"Prey" im finalen Test: Bethesda liefert den Sci-Fi-Hit 2017 [mit Video]

"Prey" ist eine Überraschung. Auf mehreren Ebenen. Was aussieht wie ein Ego-Shooter, entpuppt sich beim Spielen als ein Genre-Mix mit spannender Geschichte, offener Spielwelt und einem Art-Design, das seinesgleichen sucht.

Eigentlich hätte dieser Test schon zum Release von "Prey" am 5. Mai fertig sein sollen. Aber Bethesda macht es einem mit ihrer eigenwilligen Review-Politik nicht gerade leicht, wenn die Muster teilweise erst zum Start des Spiels verschickt werden. Und auch "Prey" macht es einem nicht leicht: Mit 15 bis 20 Stunden Spielzeit solltet Ihr beim ersten Durchlauf rechnen – plus zwei weitere, wenn Ihr alle Trophäen und Enden erleben wollt.

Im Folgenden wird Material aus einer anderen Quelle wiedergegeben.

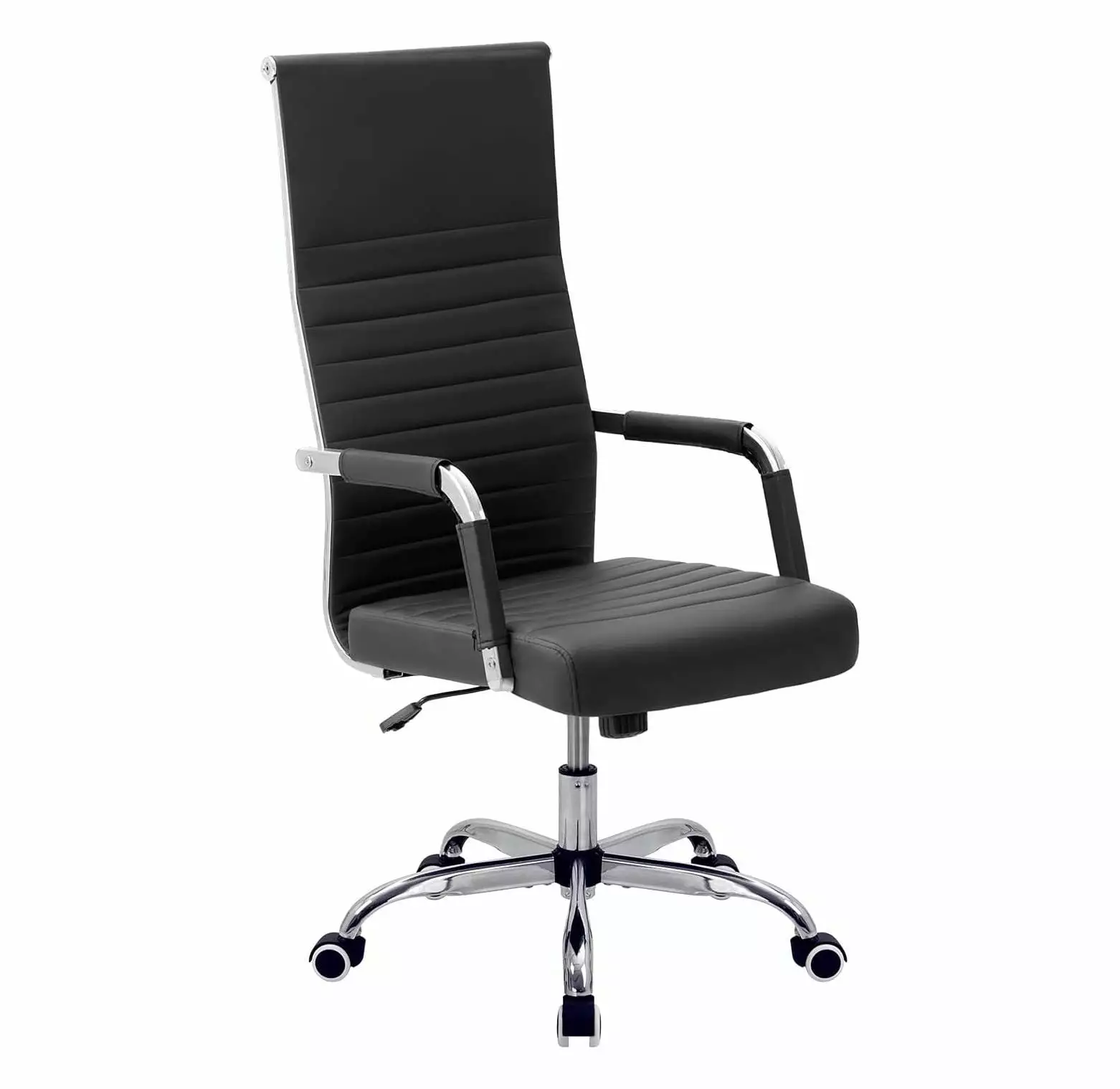 BULYAXIA Ribbed High Back PU Leather Executive Office Chair Adjustable Swivel Chair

Ich weiß, der aktuelle Speedrun-Rekord liegt bei knapp über zehn Minuten – aber "Prey" ist kein Run&Gun-Shooter wie "Doom", sondern ein erzählendes Spiel, das sich Zeit nimmt und diese auch von Euch einfordert. Aber – so viel vorweg – Ihr werdet es nicht bereuen.

Anmerkung: Dieser Test beruht auf unserer Preview mit einigen Anpassungen aus dem späteren Spielverlauf.

Die Story: eine alternative Zeitachse

John F. Kennedy ist gar nicht tot. Das heißt, doch. Mittlerweile schon. Allerdings ist er 1963 keinem Attentat zum Opfer gefallen, sondern sehr viel später an Altersschwäche gestorben. Zuvor hatte der US-Präsident der Raumfahrt jede Menge Forschungsgelder bewilligt, damit diese eine Station namens Talos 1 im All installieren können. Diese fungiert dabei vor allem als Gefängnis für Außerirdische, die sogenannten Typhon.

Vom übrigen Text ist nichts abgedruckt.